Dragon book says following about where SLR(1) parser can fail but CLR(1) wont:
Recall that in the SLR method, state $i$ calls for reduction by $A→α$ if the set of items $I_i$ contains item $[A→α.]$ and a is in $FOLLOW(A)$. In some situations, however, when state i appears on top of the stack, the viable prefix $βα$ on the stack is such that $βA$ cannot be followed by $a$ in any right-sentential form. Thus, the reduction by $A→a$ should be invalid on input $a$.
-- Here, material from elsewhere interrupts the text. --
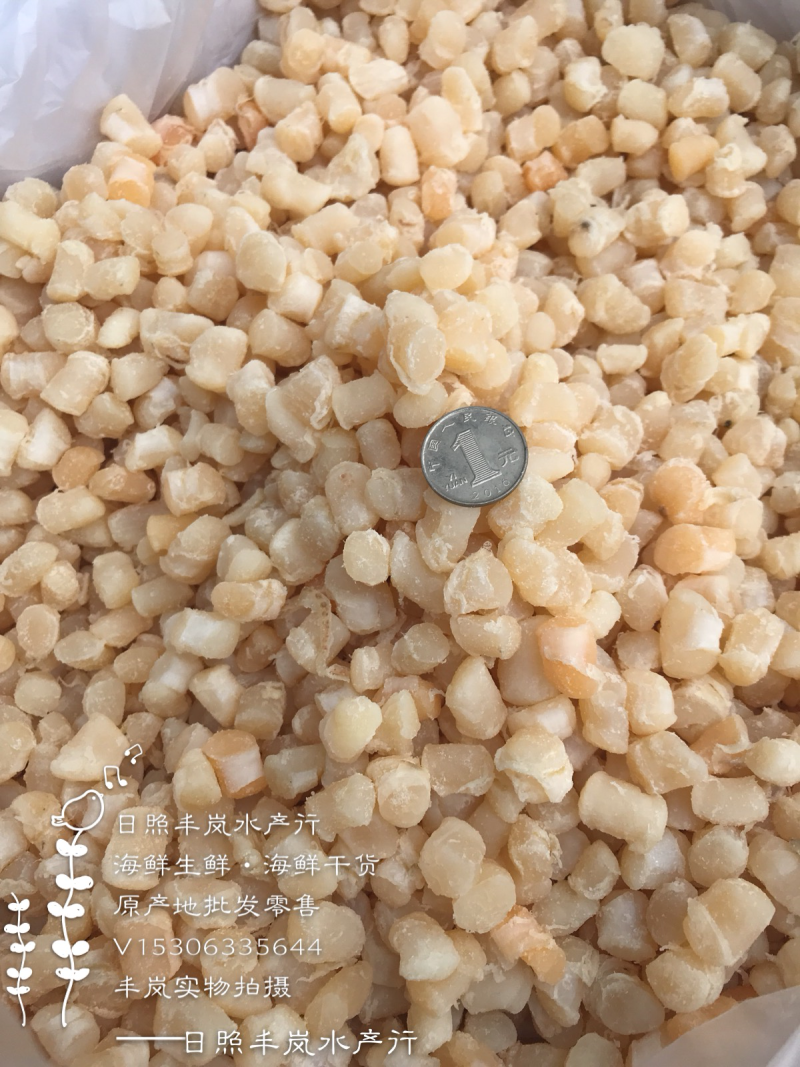 干贝扇贝丁瑶贝柱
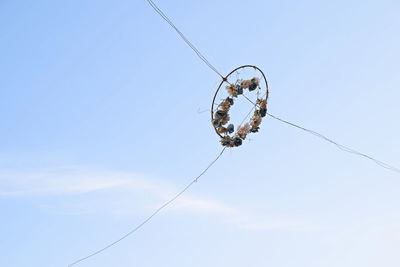 Low angle view of spider on web against sky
Let us consider the below grammar and its LR0 items:
$S→L=R | R$
$L→ *R | id$
$R→L$In state 2 we had item $R→L$., which could correspond to $A→a$ above, and $a$ could be the $=$ sign, which is in $FOLLOW(R)(=FOLLOW(L))$. Thus, the SLR parser calls for reduction by $R→L$ in state 2 with $=$ as the next input (the shift action is also called for, because of item $S→L.=R$ in state 2). However, there is no right-sentential form of the grammar in that begins $R=⋯$.. Thus state 2, which is the state corresponding to viable prefix L only, should not really call for reduction of that $L$ to $R$.
DOUBTS
I didnt get:
However, there is no right-sentential form of the grammar in that begins $R=⋯$..
Do the authors mean that there is no productions with its right hand side starting with $R$? If yes, what is the significance of this statement?
- Are lookaheads (as in case of LR(1) items for CLR(1) and LALR(1) parsers) always subset of FOLLOW of production heads (that is non terminal of the left of production)? If yes, why so? That is which of the FOLLOW of production heads are not lookaheads?
Edit 1: Doubt extended based on rici's answer and comments (deprecated, see Edit 2)
I understood following comment by rici:
ll you need to do is try a few derivations to see (1). $S→L=R$ cannot derive a sentential firm starting with $R$ and after $S→R$, the only possible next derivation results in $L$.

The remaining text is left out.